Panoramic view of Bryce Canyon

Visiting this canyon in winter had always been a vague idea lodged at the back of my head. The idea took further shape in the latter half of the last year; when I started looking for places to spend Thanksgiving weekend and the photographs of the snow-capped, bright orange hoodoos blew my mind away. Finding partners in crime was not that difficult, as my forever-ready-for-adventure-travel buddies Abhi (who also happens to be my boyfriend, aww), Namita and Bernardo were equally excited about experiencing Bryce under snowy conditions.

After going through the usual drill of landing at the airport, renting a car and driving ourselves inside the national park, we arrived at our reserved car camping spot at the North Campground. As expected, there were very few people who were camping, probably only 2 or 3 other groups. After spending some time deciding between hastily checking out the sunset from a nearby observation point and pitching the tents while we still had some daylight left, we opted for the latter. We had two tents between the four of us and with fingers going numb due to the cold every 10 mins, it took us more time than usual to get settled. Note to self – warm hand gloves that can be kept on even while doing dexterous activities are probably the most important piece of clothing that one should bring with themselves on trips to cold places. It was taking less than a minute or two for warm fingers to stop working after getting exposed to the cold air. The next most important item on the agenda was to get the fire going. It was dark already and we couldn’t even think of going inside our tents or having food without being treated to a blazing fire first.

On the way to Bryce Canyon from Salt Lake City

Unfortunately, blazing fire remained a distant dream for us that night. Everything at the campsite was wet with snow and precipitation and we struggled to even get the fire to get started. We tried hard, picked up relatively dry twigs and fallen branches from around; but nothing seemed to work. After a feeble flicker, the fire would die away like a fish desperately trying to breathe his last, before ultimately giving up. Abhi was taking the lead with the fire-work while the rest of us focused on making food ready.
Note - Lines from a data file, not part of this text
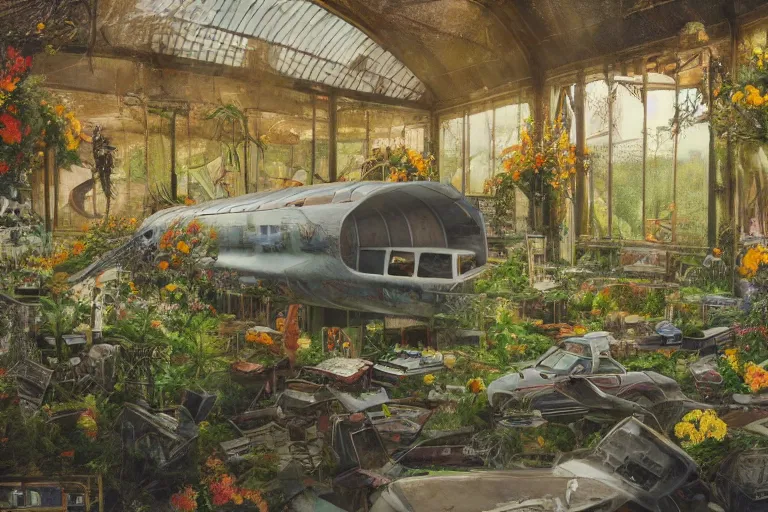 Image similar to hyperrealism, scene from church, thunderstorm, starship, junkyard, louisiana swamps, orange blooming flowers garden, 8 k, 8 0 s japanese sci - fi books art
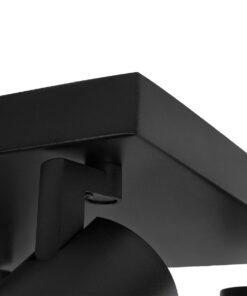 kelvo® SPOTA KLV-101-0146 Κινούμενο Φωτιστικό Σποτ Οροφής για 4 Λάμπες MR16 με Ντουί GU10 AC 220-240V IP20 – Μαύρο Ματ – Μ26 x Π26 x Υ14cm
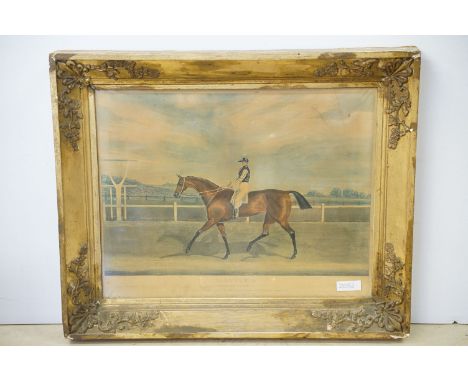 James Pollard (British, 1792 – 1867), Matilda - horse racing scene, hand-coloured engraving, 35.5 x 45.5cm, gilt framed and g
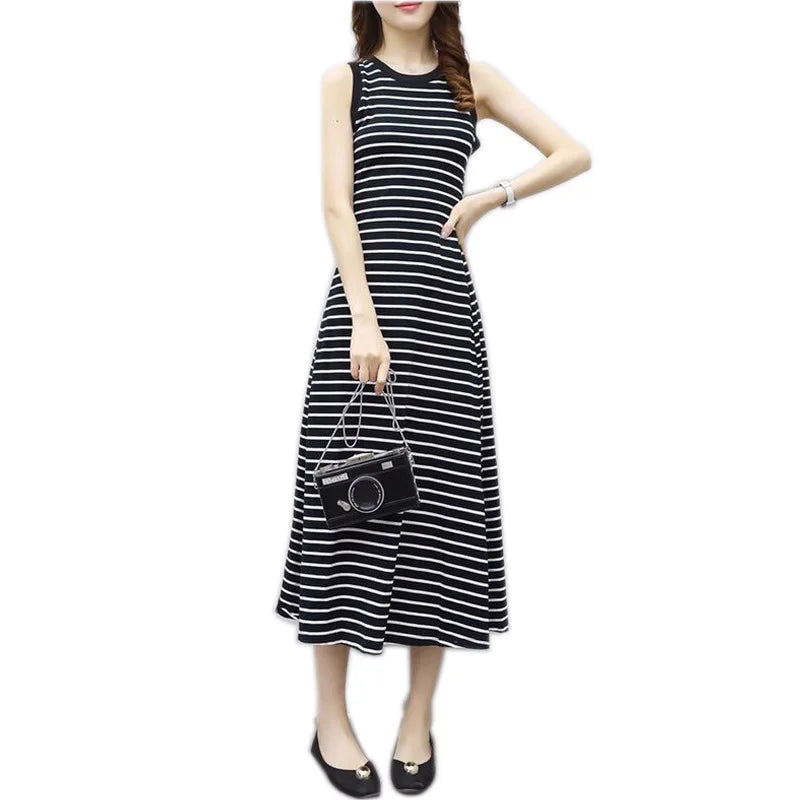White Striped Beach Casual Long Dress - Korean Dongdaemun Style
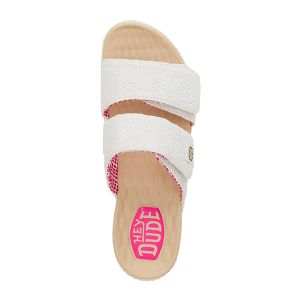 Delray Slide Eyelet - White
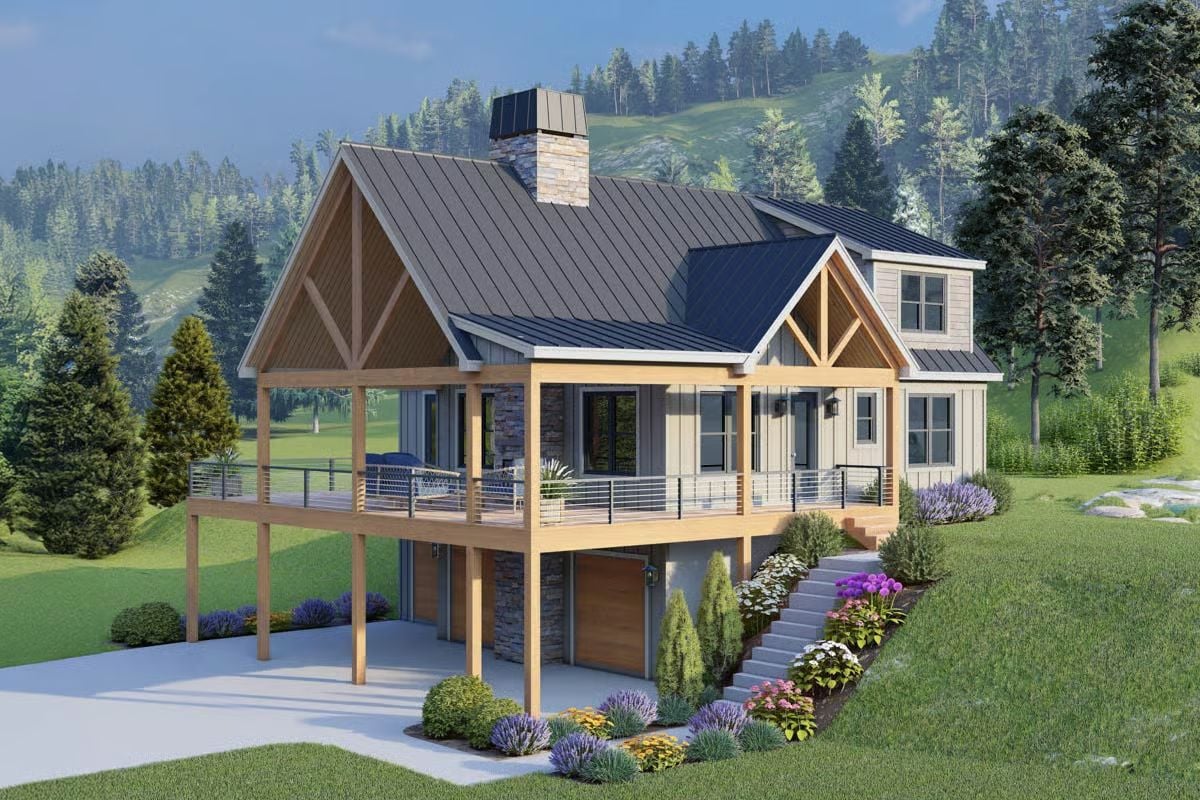 3-Bedroom Mountain Contemporary Home with Wraparound Porch and Walkout Basement (Floor Plan)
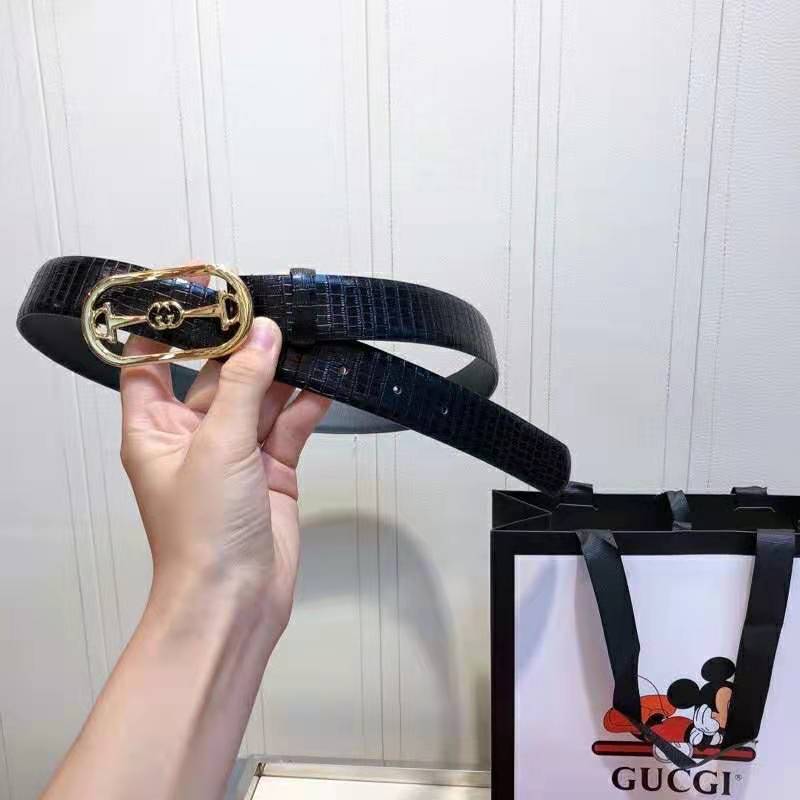 G*u*i unisex lizard belt with interlocking g horsebit buckle 2.5 cm width black lizard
Every time we go out for camping, Abhi turns into this person most adept at improvising and making things and tools work, lighting up the fire being one of them. But even he was rendered helpless that night and eventually, we had to ask the group camping closest to us for help. Fortunately, they had brought fire starters (a piece of flammable material used to help fire, as per Google) with them, which made the job easy and we could finally allow ourselves the luxury of a burning fire. Another note to self – prepare well, if your survival is going to depend on your ability to light a fire). The fire couldn’t last for long and with the dying embers in the fire pit, we bid farewell to the night.

Our campsite at the North Campground

Waking up early has its own perks. Not only can you witness the sublime rays of the rising sun, but also offer yourself some quiet solitude,  something impossible in the mad rush of the rest of the day. A short walk from the campsite to the common restroom had me panting as it involved plodding through ankle-deep snow. Funnily enough, the restroom at this wild place was full equipped with electric lighting and even air conditioning. It became my happy place for the time being, owing to the controlled  temperatures inside. I just did not want to get out of the comfortably warm restroom and face biting cold!

Sunrise at the North Campground
Cooking Gear

Day 2 was going to be the highlight of our Bryce Canyon stay, as we were going to hike through the canyon, through a maze of the enchanting hoodoos, throughout the day. After a quick breakfast that consisted of oatmeal and left over soup from the previous night, we drove up to ‘Sunset Point’. Sunset Point is the trail head for Navajo trail, which is further connected to the Peek-a-Boo trail, our chosen hike for the day.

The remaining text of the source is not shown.